Adaptive planning is a term that has recently been associated with smart factories, but in fact it represents the evolution of the actual practical planning method that has been in use on most shop-floors for many years. The legacy adaptive planning tool of choice is simply Excel. Other planning tools, of which there are a great variety available, whether based on infinite, finite or APS models, are focused on mid-range or long-term planning tasks, meeting customer deadlines agreed far in advance, with little actual regard for execution level optimization of the operation. This has been left to production engineers to figure out for themselves, based on their knowledge of the processes, with the aid of Excel to help plan out the actual optimized sequence of work. With Industry 4.0, this model is pushed to the extreme, as continuous assessment of work allocation needs to be done in line with almost daily demand changes from customers. Excel is a great tool, but is simply not capable of understanding and representing all of the live planning constraints needed to avoid risk of execution or on-time delivery failure, such as with consideration of the actually available materials. The smart adaptive planning solution builds on the experience of those who have depended on Excel for so long, to bring visibility and understanding of constraints into focus, allowing planning engineers to make quick and accurate allocation and sequencing decisions whilst retaining the maximum possible operational efficiency.

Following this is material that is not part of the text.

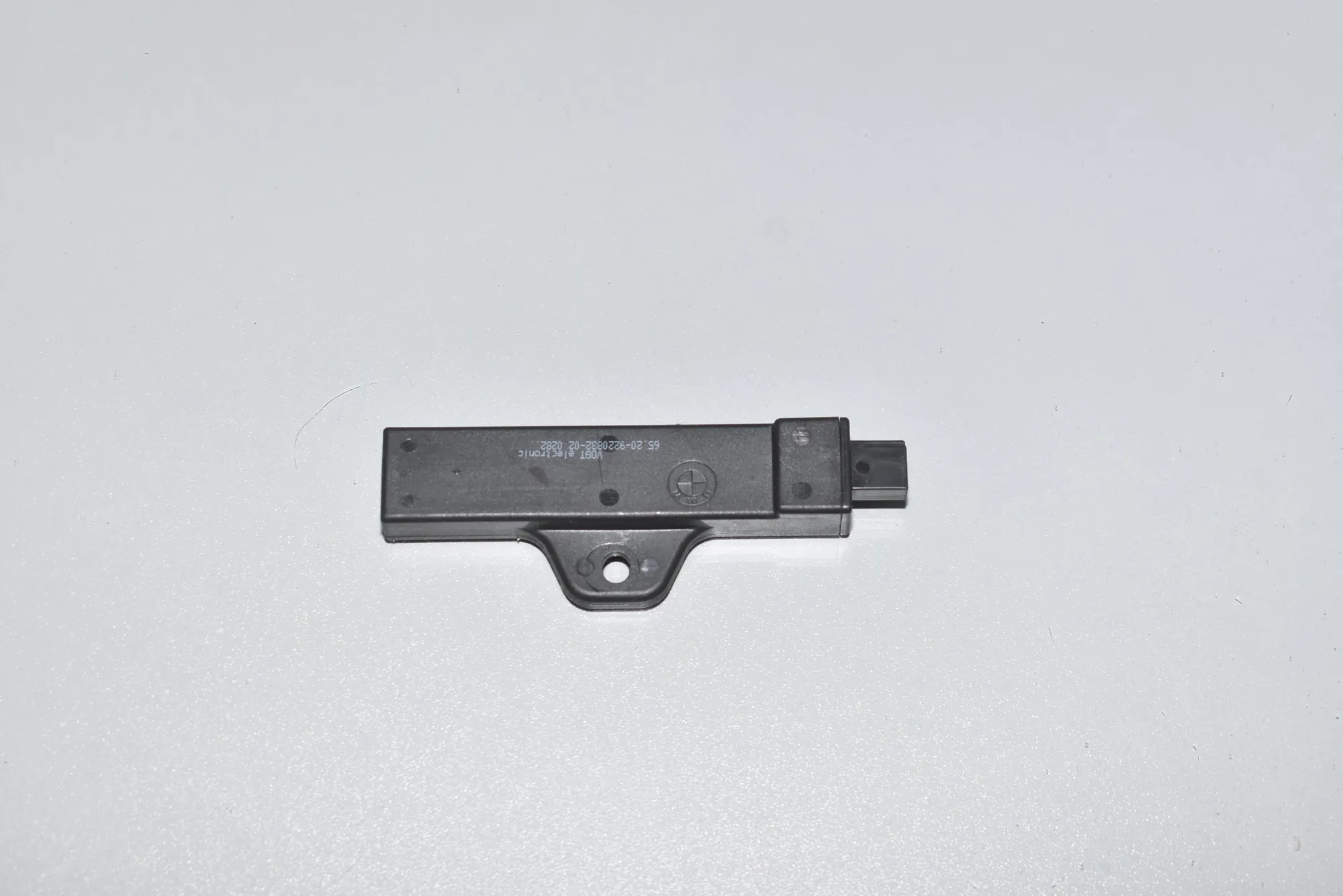 Antenna – OEM 65209220832 · BMW 3 Touring (F31) 318 d 2018 – 2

This is achieved through the live sharing of information from both automated and manual operations, in terms of products completed and materials consumed, as well as transactional processes such as material logistics.

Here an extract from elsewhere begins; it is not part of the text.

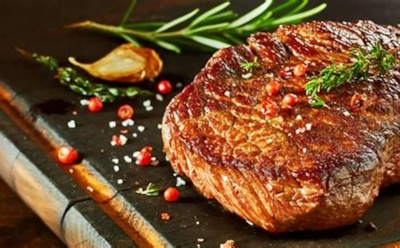 Стейк шипит, но не румянится: это упущение перед жаркой превращает мясо в сухую подошву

Having reliable data about material consumption, including usage and spoilage, is another key element of the smart factory. A lean “pull” signal for materials can be generated based on actual material consumption rates, together with details of follow-on scheduled work orders, which can then be used to create a live logistics plan for the transport of materials from the warehouse, or local point of use stores to the machines, only as and when needed, in other words, just in time (JIT). Live data collection from assembly processes ensures that every material is accounted for, creating a near-perfect record of inventory, which can subsequently be shared with ERP and MRP. The need for the creation of pushed kits can be completely avoided. The accurate visibility of material inventory with which to execute work-orders in the foreseeable future is accurately determined by the use of adaptive planning, so the build-up of unnecessary physical material buffer stock, both on the shop-floor and in the warehouse, can be completely avoided, without any risk of unexpected internal material shortages. With MRP now able to know exactly what materials are in the factory, an accurate and less urgent series of material orders can be placed, with more flexibility.

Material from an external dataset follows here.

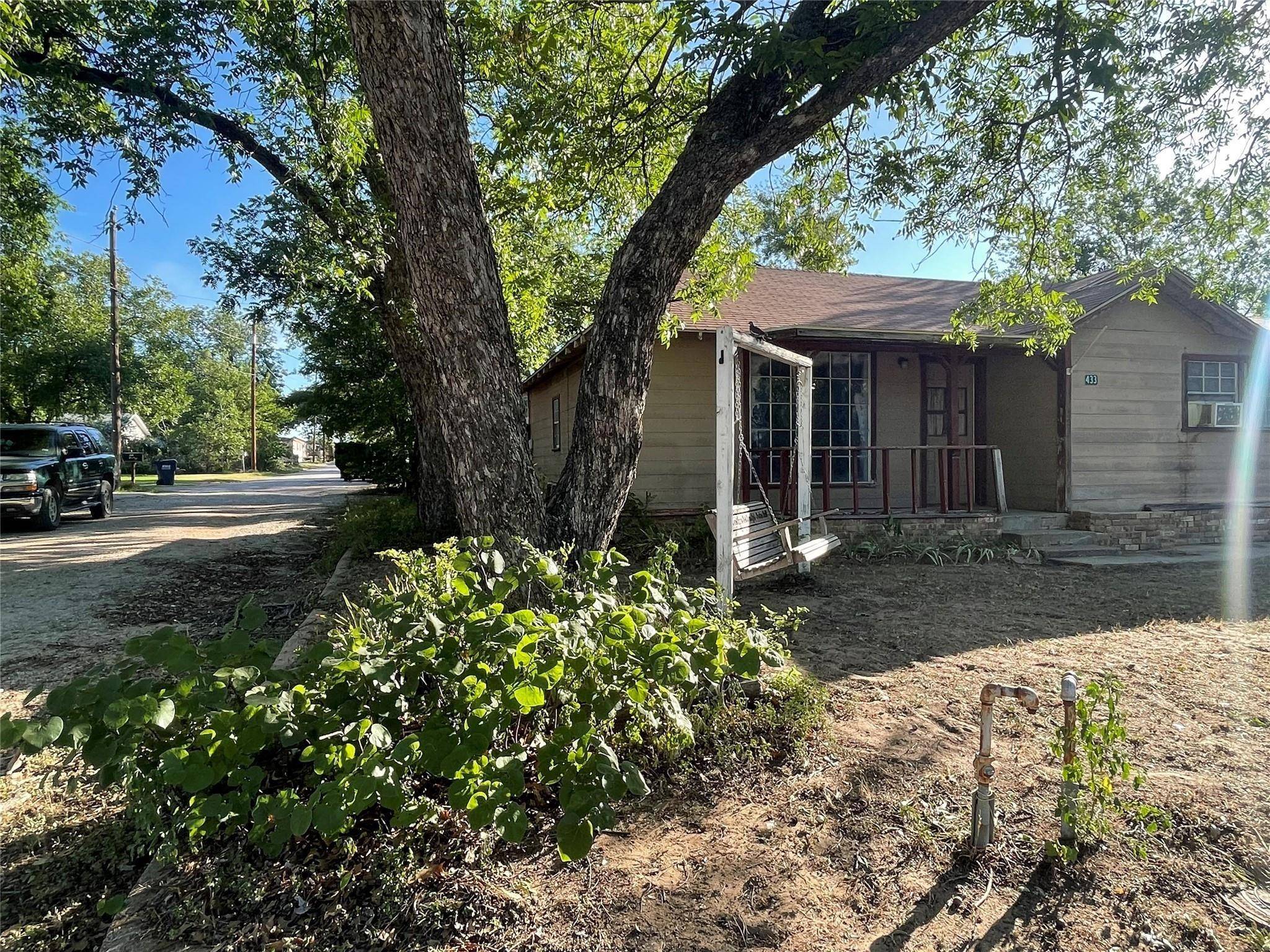 De Leon, TX 76444,433 W Hampton Avenue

When a modern smart digital MES system, specifically designed for the IIoT environment, is providing support for manufacturing execution—lean supply chain management on the shop floor in the smart factory—full traceability occurs as a natural outcome, being essentially “free” from an operational cost perspective. With lean materials, all carriers of materials, as well as individually marked key components and sub-assemblies, are uniquely labelled and tracked from their original packaging. As each instance of a material is used in production, there is traceability of the exact origin of the material used, whether an expensive IC or an apparently inconsequential passive component. If any material quality error should occur, such as the detection of a counterfeit material, the exact incoming material packaging can be identified, as well as all of the uses of material from that packaging, including the location of any remaining material.